> Work required:
After locating the line with "鼻整形のビフォーアフター写真(術前)" in the entries below, output it and each following line up to and including the line with "Gélose à l’oeuf", exactly and without pictures.

(Caption-style text data)
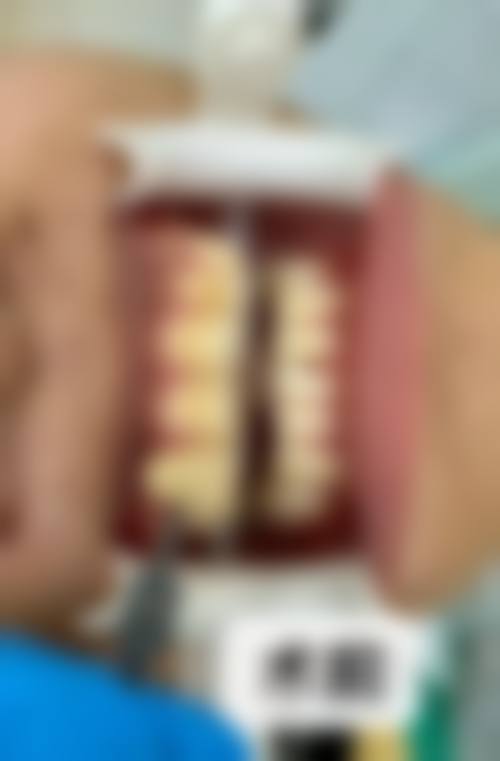 贵阳富林口腔预约挂号方式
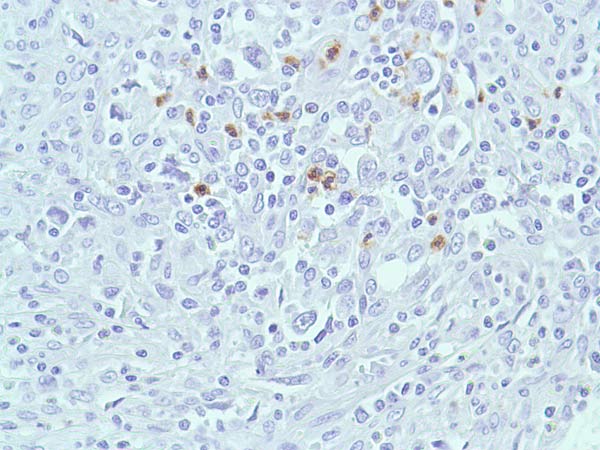 Immunohistochemistry (Formalin/PFA-fixed paraffin-embedded sections) - Anti-Bax antibody [SP47] (AB81083)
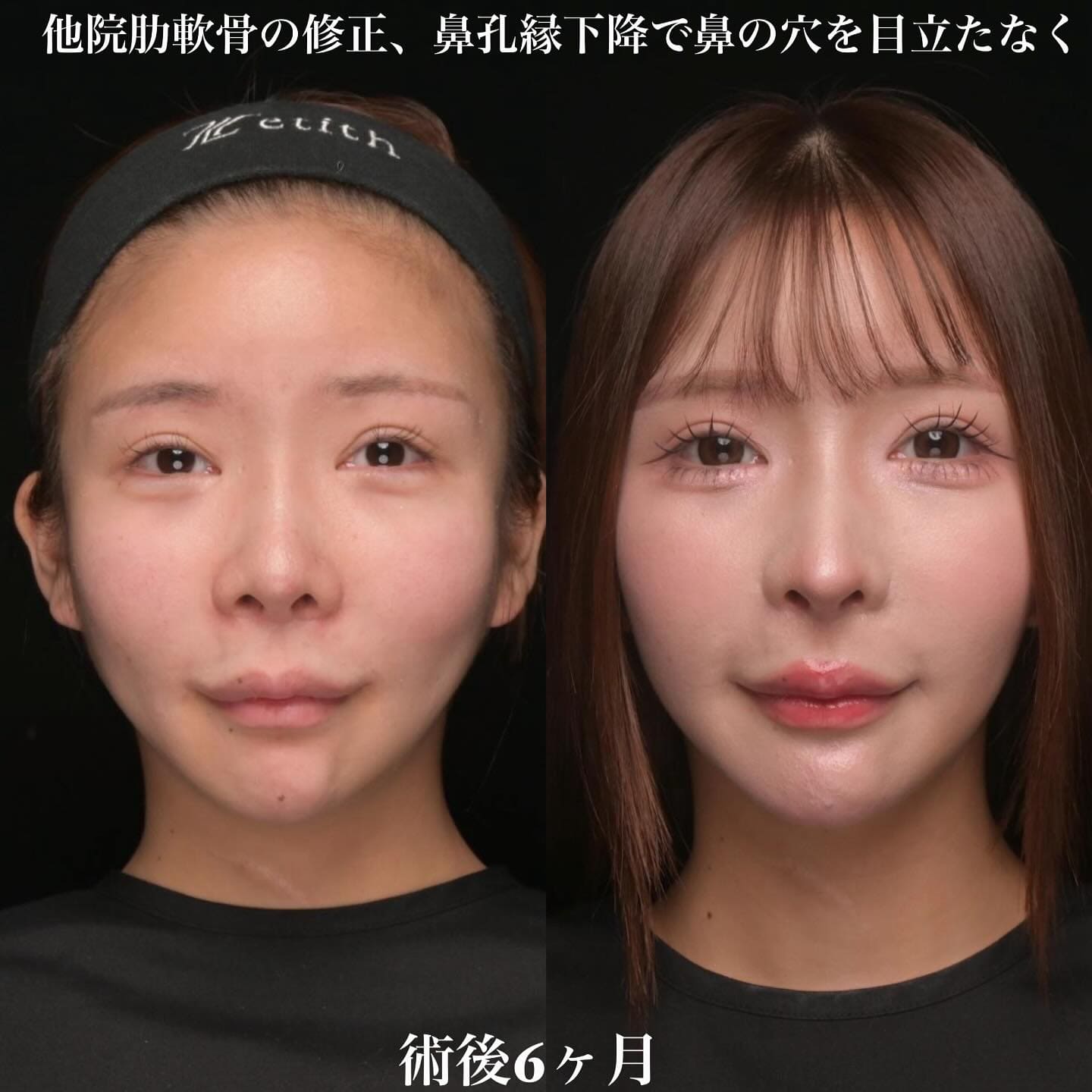 鼻整形のビフォーアフター写真(術前)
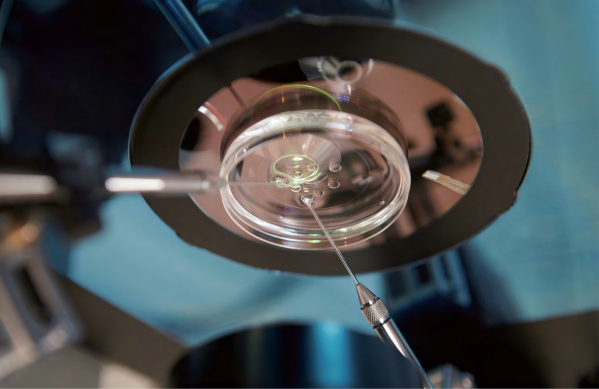 美国EFC试管婴儿技术优势：缔造生育奇迹的领导者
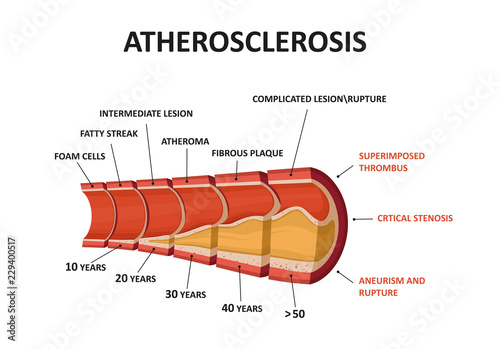 Atherosclerosis - plaque buildup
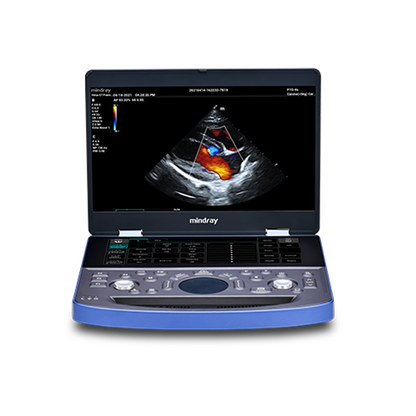 Mindray Vetus E7 Ultrasound System
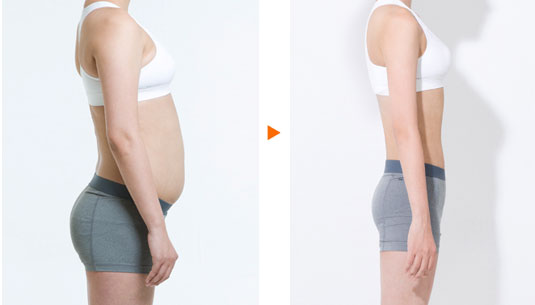 商丘背部吸脂手術(shù)多少錢？（圖）_1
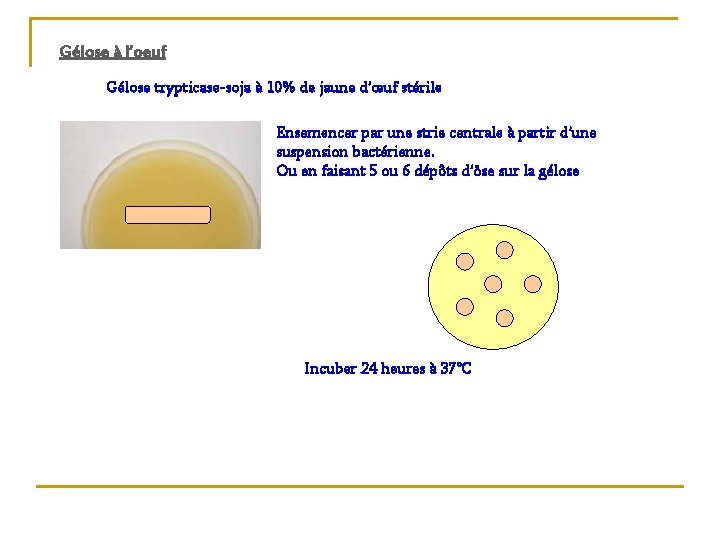 Gélose à l’oeuf Gélose trypticase-soja à 10% de jaune d’œuf stérile Ensemencer par une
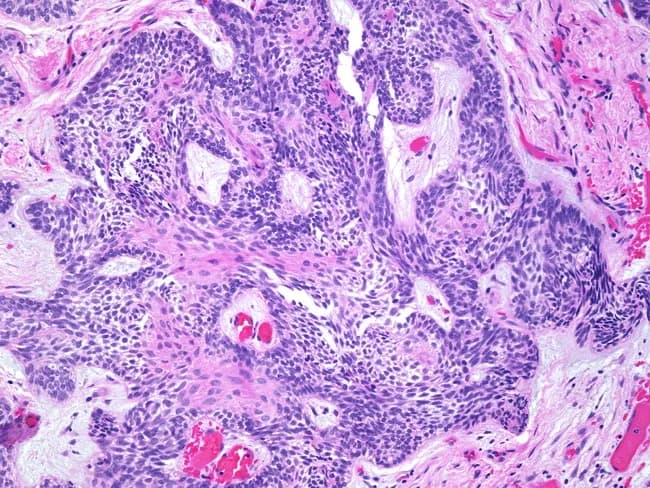 Imaging modality: light microscopy of Hematoxylin and Eosin stained, formalin-fixed, paraffin-embedded jaw tissue. The specimen shows ameloblastoma with prominent squamous metaplasia within tumor islands. Odontogenic epithelial nests exhibit peripheral ameloblast-like, tall-columnar cells with reverse polarity and a basaloid, dark-staining center resembling stellate reticulum. In many islands, there is extensive squamous differentiation with polygonal keratinizing cells and foci of keratinization, yet the cells retain minimal cytologic atypia and mitotic activity is low. The surrounding stroma is fibrous and vascular, with infiltrative margins indicating local aggressiveness characteristic of ameloblastoma. Absence of significant pleomorphism, hyperchromasia, or abnormal mitoses helps distinguish this process from squamous cell carcinoma, though extensive squamous metaplasia can mimic malignancy. The lesion is typical of an odontogenic tumor occurring in the jaw (mandible or maxilla). Clinically relevant differential diagnoses include squamous cell carcinoma arising in odontogenic keratocyst or de-differentiated ameloblastoma; correlation with radiology and clinical course is essential. The diagnostic significance lies in recognizing metaplastic squamous change to prevent misinterpretation as invasive carcinoma; complete surgical excision with careful follow-up is recommended due to potential recurrence. Clinicians should correlate with radiographic margins, molecular markers as available, and immunohistochemical profile showing p63 and cytokeratin expression patterns supporting odontogenic origin rather than carcinoma.
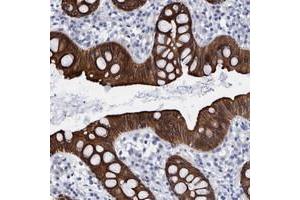 Immunohistochemical staining of human rectum with MKS1 polyclonal antibody  strong cytoplasmic positivity in glandular cells.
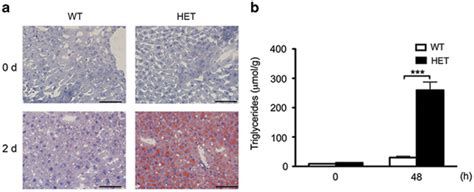 Christiane filangieri was born on august 21, 1978 in würzburg, bavaria, germany as christiane filangieri de candida gonzaga. A20 HET associates with maladaptive hepatic macrosteatosis ...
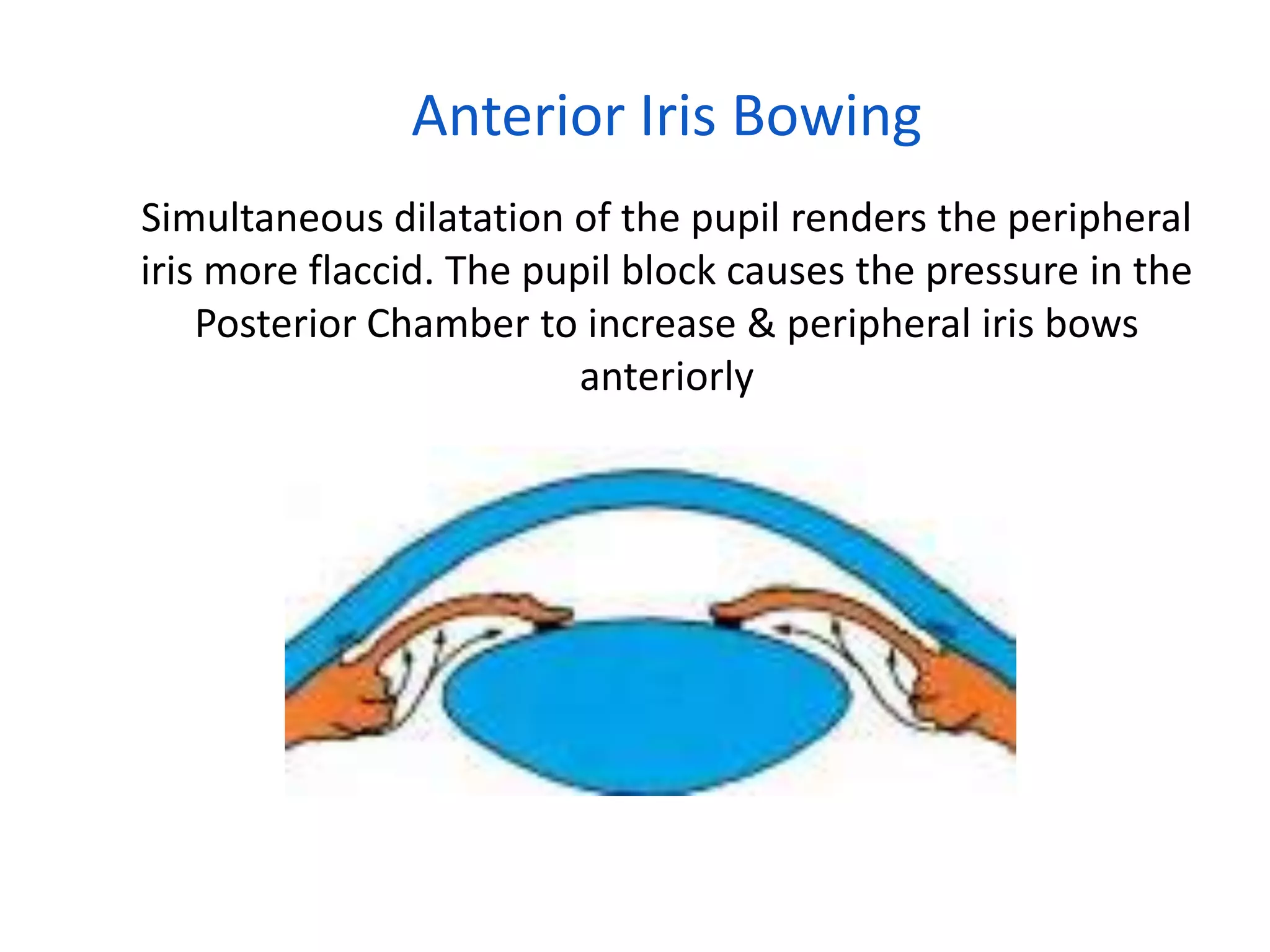 Anterior Iris Bowing
Simultaneous dilatation of the pupil renders the peripheral
iris more flaccid. The pupil block causes the pressure in the
Posterior Chamber to increase & peripheral iris bows
anteriorly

> Answer for this exercise:
 鼻整形のビフォーアフター写真(術前)
 美国EFC试管婴儿技术优势：缔造生育奇迹的领导者
 Atherosclerosis - plaque buildup
 Mindray Vetus E7 Ultrasound System
 商丘背部吸脂手術(shù)多少錢？（圖）_1
 Gélose à l’oeuf Gélose trypticase-soja à 10% de jaune d’œuf stérile Ensemencer par une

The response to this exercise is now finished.